Pertanto i due aspetti non vanno confusi, e una strategia digitale dovrà per forza di cose partire dai punti chiave della pianificazione strategica a monte (sperando sia stata fatta!).
Esistono poi buone probabilità che l’elaborazione di una strategia digitale ripercorra buona parte degli elementi di pianificazione a monte declinandoli nella logica, peculiarità e specificità relativi al mondo digitale.
I processi stessi di analisi della concorrenza andranno rivisti con lo scopo di studiare cosa fa la concorrenza sui vari canali digitali.
Stesso discorso vale per il target di clienti potenziali che andranno ridefiniti trasformandoli in “personas”.

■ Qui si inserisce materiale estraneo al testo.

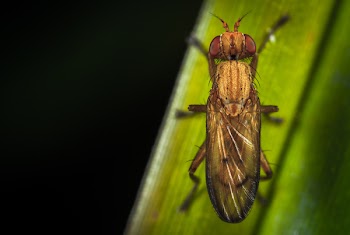 Close-up Photography of Brown Insect Perching on Green Leaf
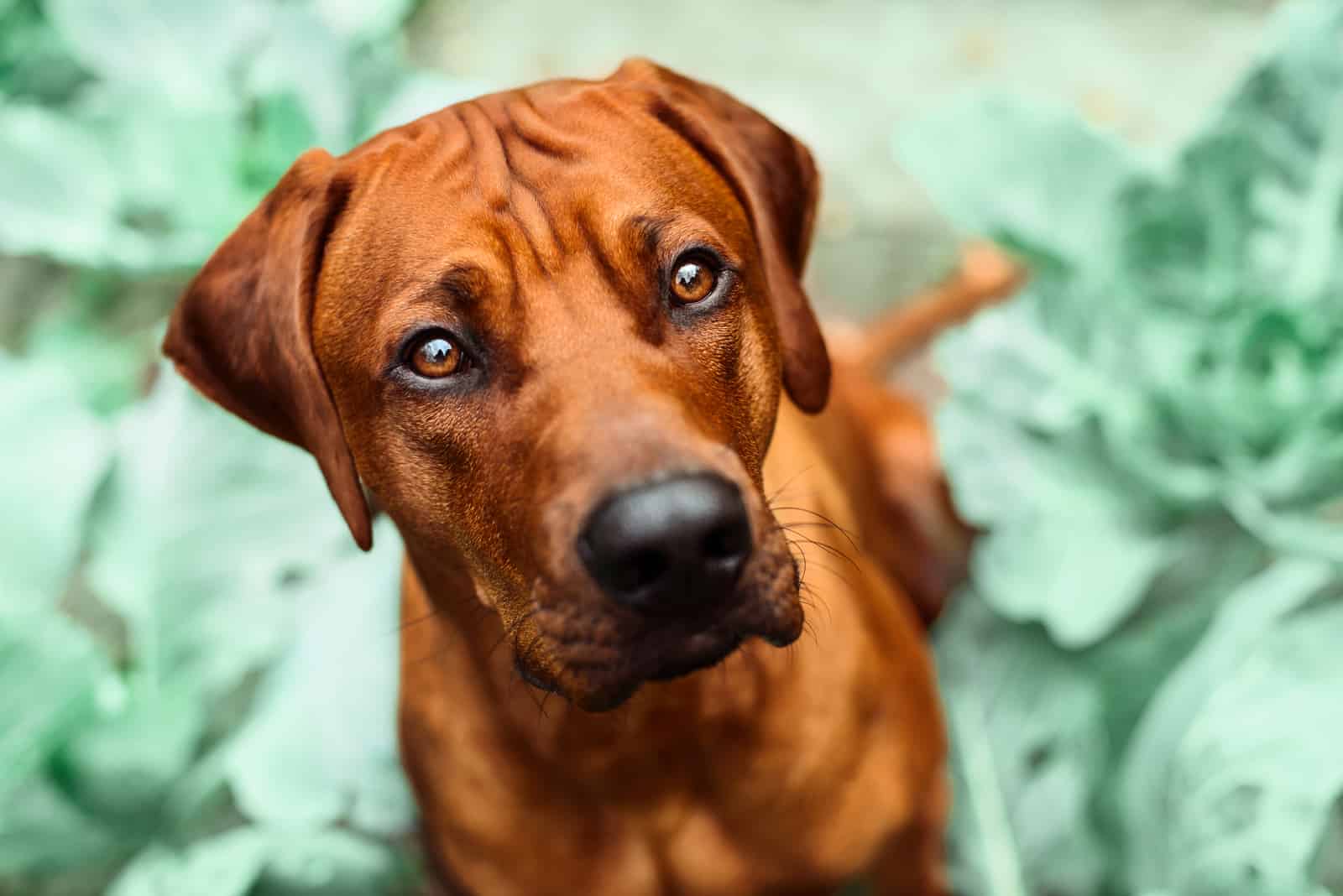 Rhodesian Ridgeback looking up at camera.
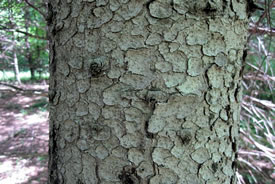 White spruce bark (Photo by Rob Duval, Wikimedia Commons)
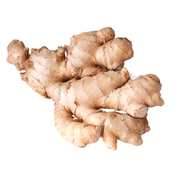Cream Ginger Seeds, Herbal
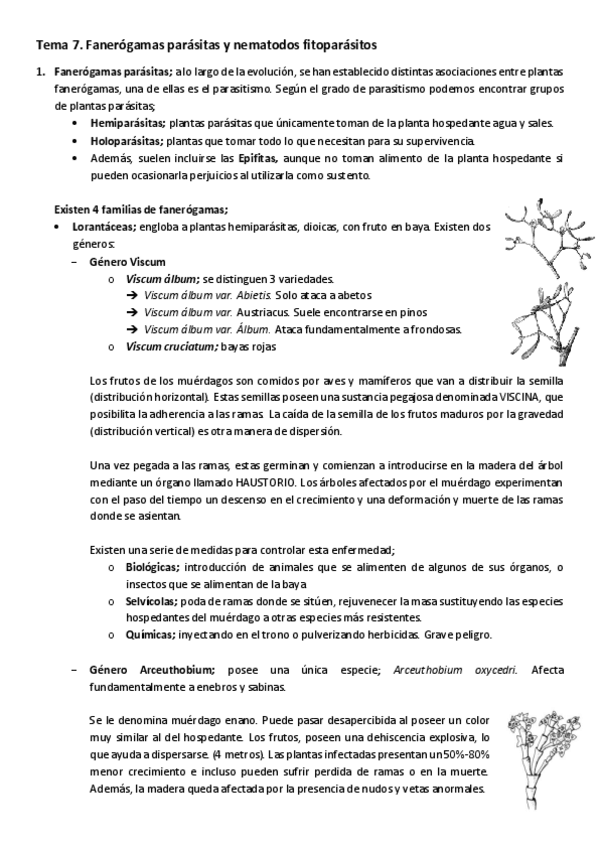 Miniatura del documento Tema-8-.-Fanerogamas-parasitas-y-nematodos-fitoparasitos.pdf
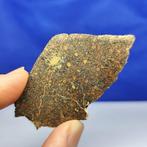 6,7 cm, -Honderden chondrules!- Verbazingwekkende TYPE LL3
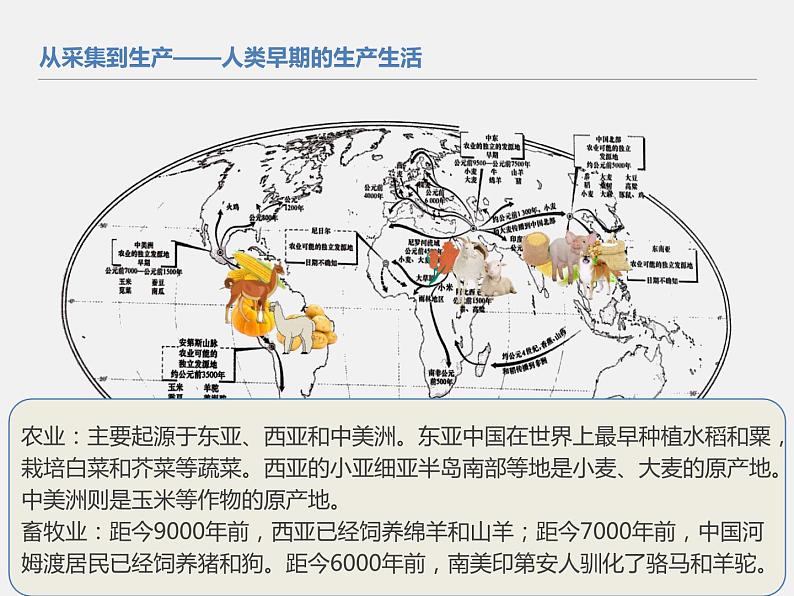 2021春人教统编版高二历史上册（课件）第01课  从食物采集到食物生产（选择性必修二：经济与社会生活）07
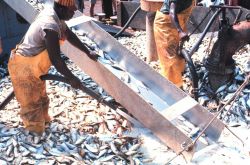 Menhaden fishing -off-loading the catch Image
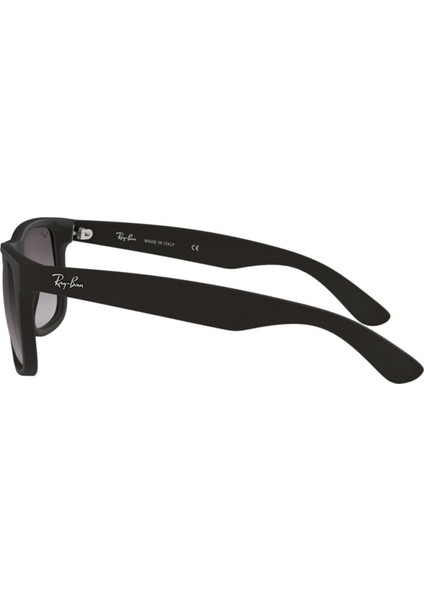 Rayban Ray-Ban RB4165 601/8G fiyatları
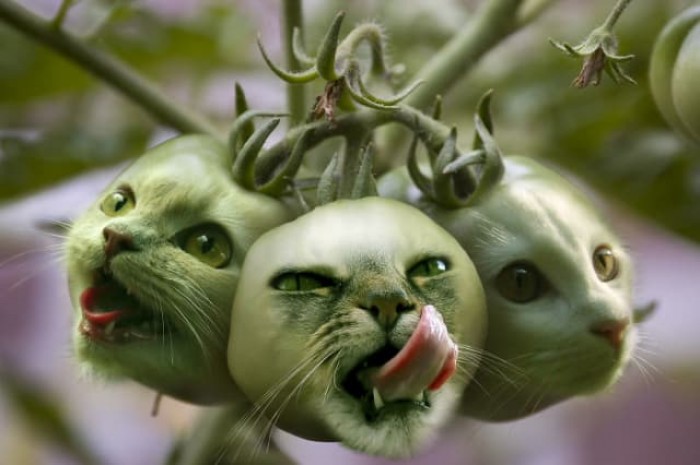 Художники объединили животных и растения с помощью Photoshop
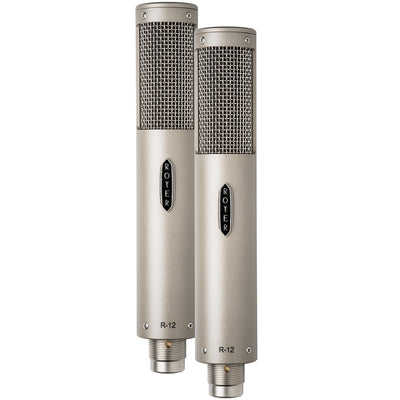 Royer Labs R-12 Active Ribbon Microphone - Matched Pair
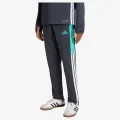 adidas TIRO ES WINPNTY 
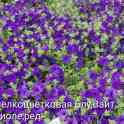 Петунья сеянцы и черенки, фотография 2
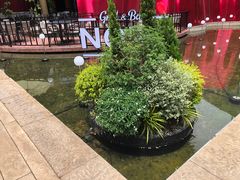 -Nord Grill&Bar Highland诺德西餐(深圳欢乐海岸店)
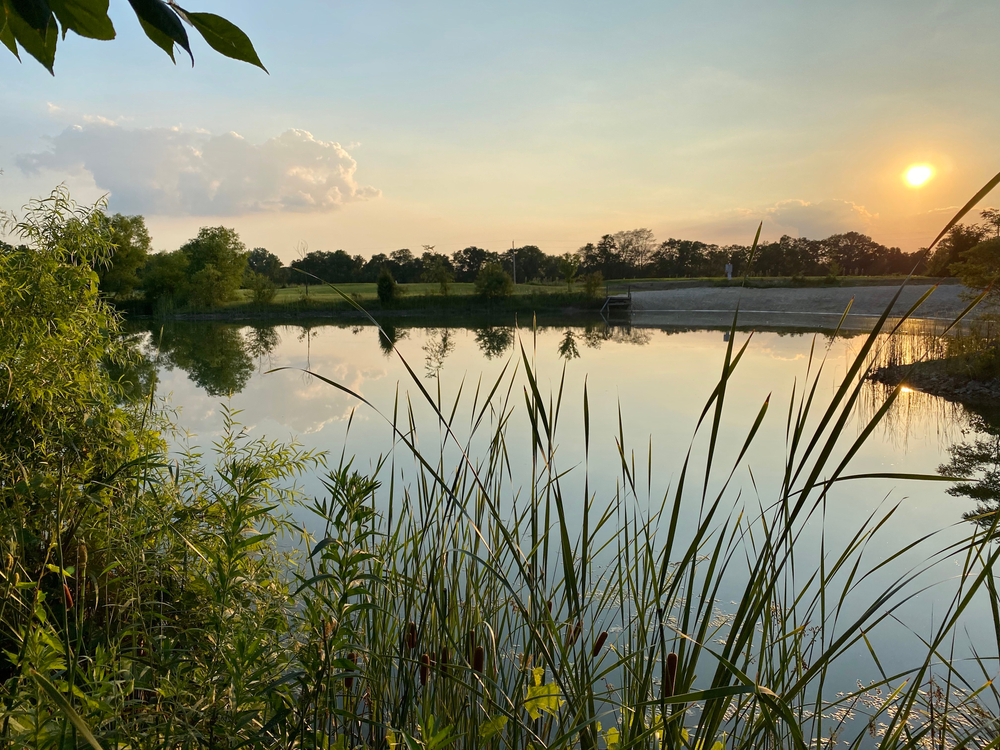 Looking out at a lake at sunset. You can see tall grasses, trees, and a grassy area behind the lake. There is also a pebble area for boats to enter the lake. 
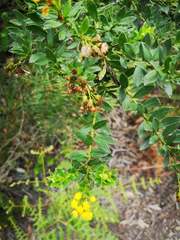 Monticalia corymbosa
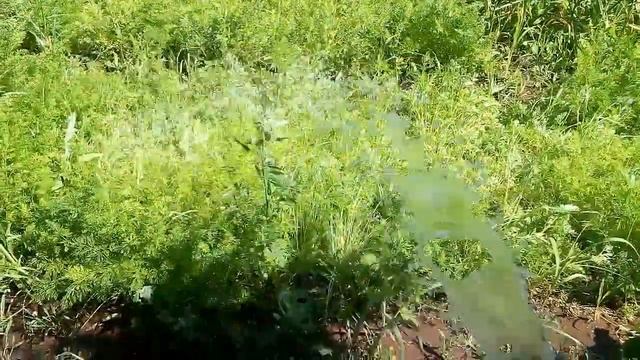 Как ПОЛИВАТЬ ОГОРОД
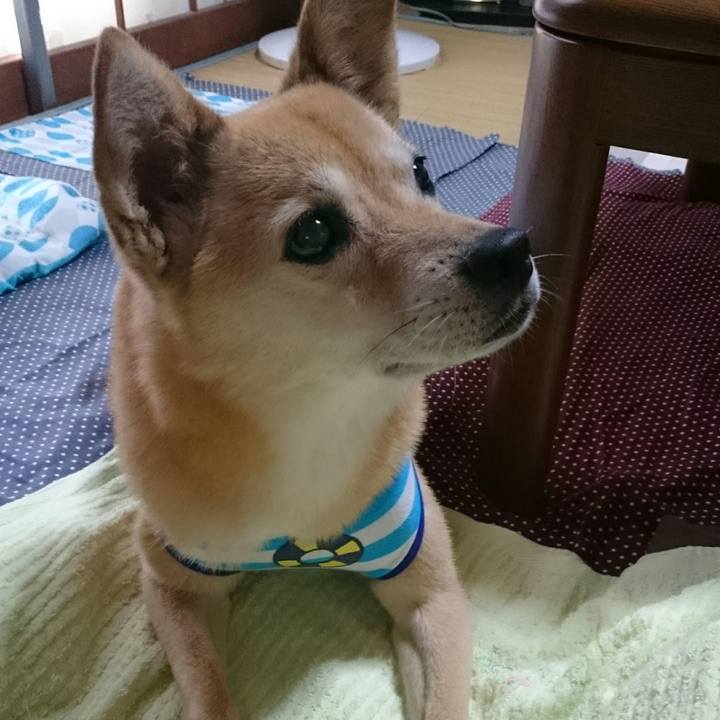 7b173293 e3bc 478f 8d92 c5b2ebf000a4 1542526774832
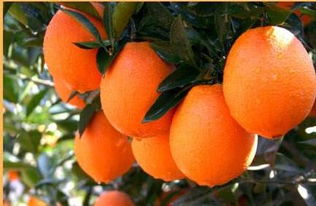 警惕假冒贛南臍橙 違法成本高，最高可判七年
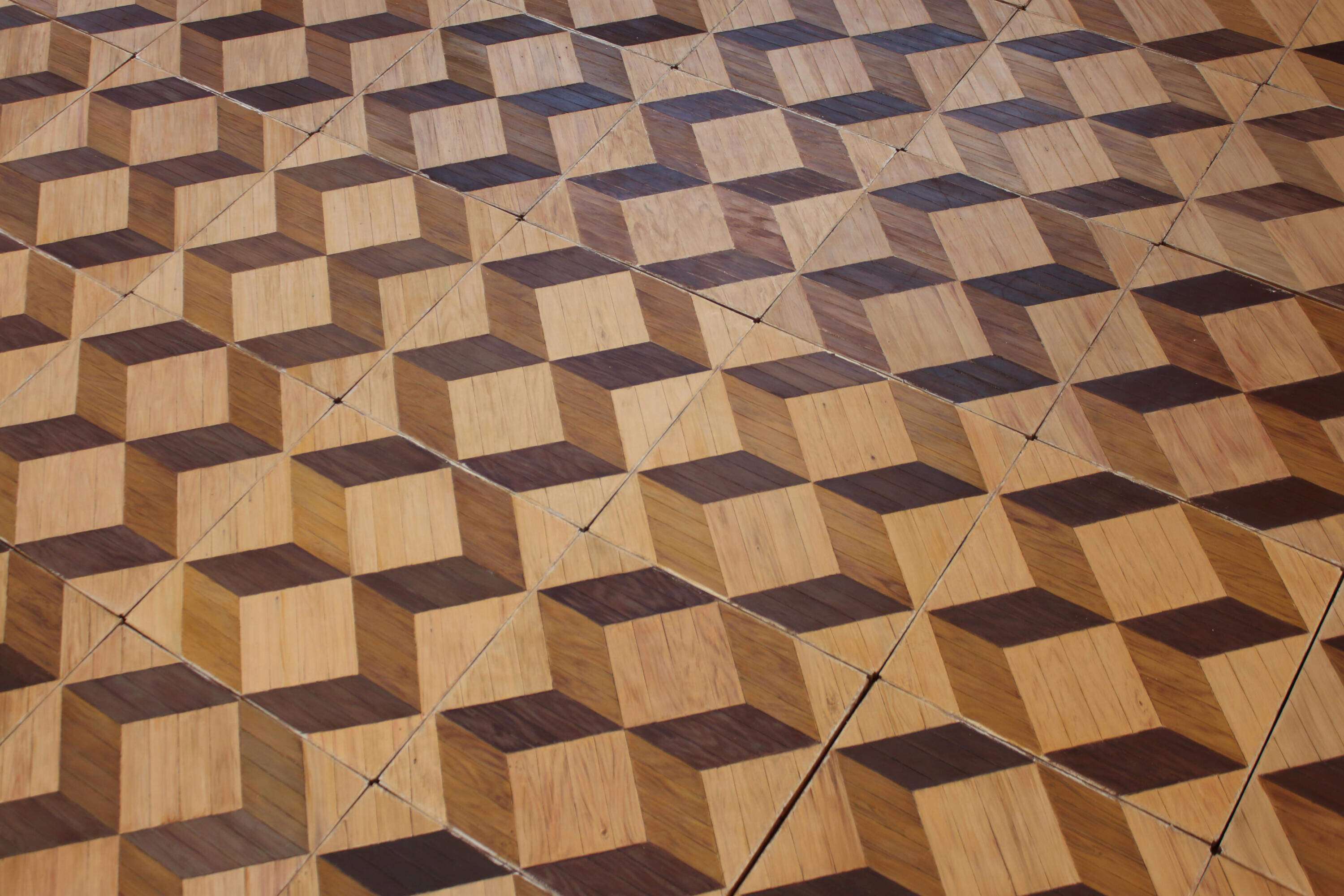 Image of Daniela Rivera's floor tiles. (Courtesy the artist)
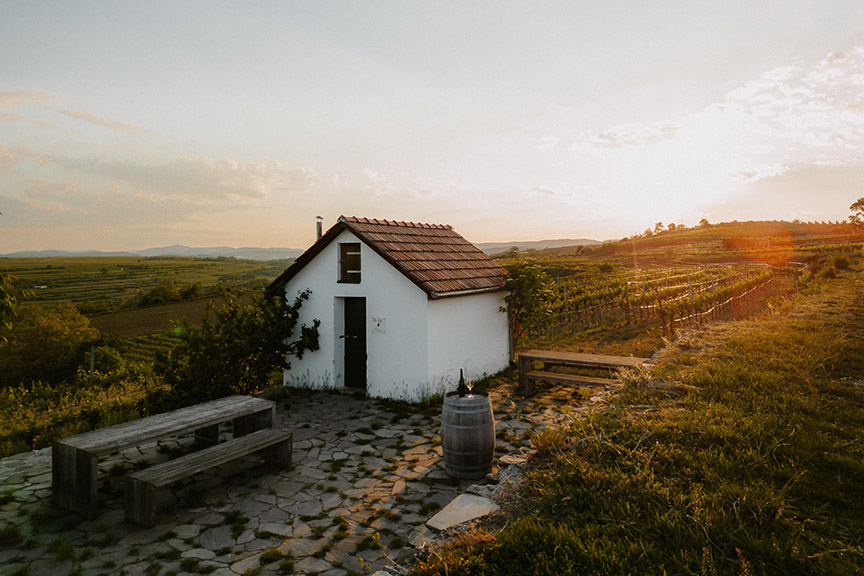 Small white building surrounded by a vineyard.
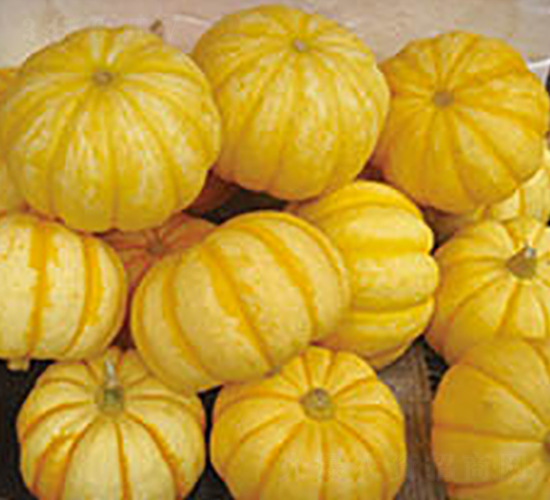 ����-�ϹϷN��-���߷N�I(y��)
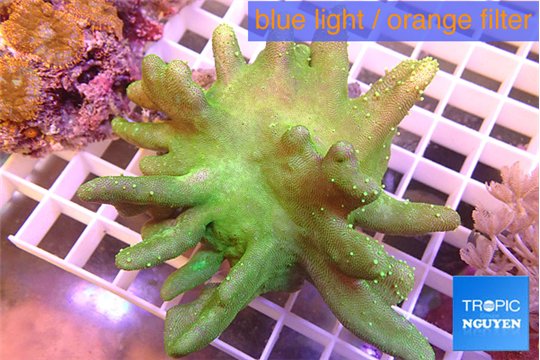 Lobophytum greeny 9-14 cm WYSIWYG acclimaté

Territorio di elezione della strategia digitale ovviamente sarà l’individuazione del mix di canali e piattaforme più idonei all’azienda e le modalità del come e cosa comunicare, a cui ultimamente si può aggiungere per molte realtà il “come vendere” (e-commerce).
Una sintesi certamente non esaustiva per dire che, a mio giudizio, le due attività sono da tenere distinte e separate perché metterle insieme rischia di creare delle ambiguità di fondo e qualche pericolosa confusione che può portare a trascurare aspetti dell’una o dell’altra.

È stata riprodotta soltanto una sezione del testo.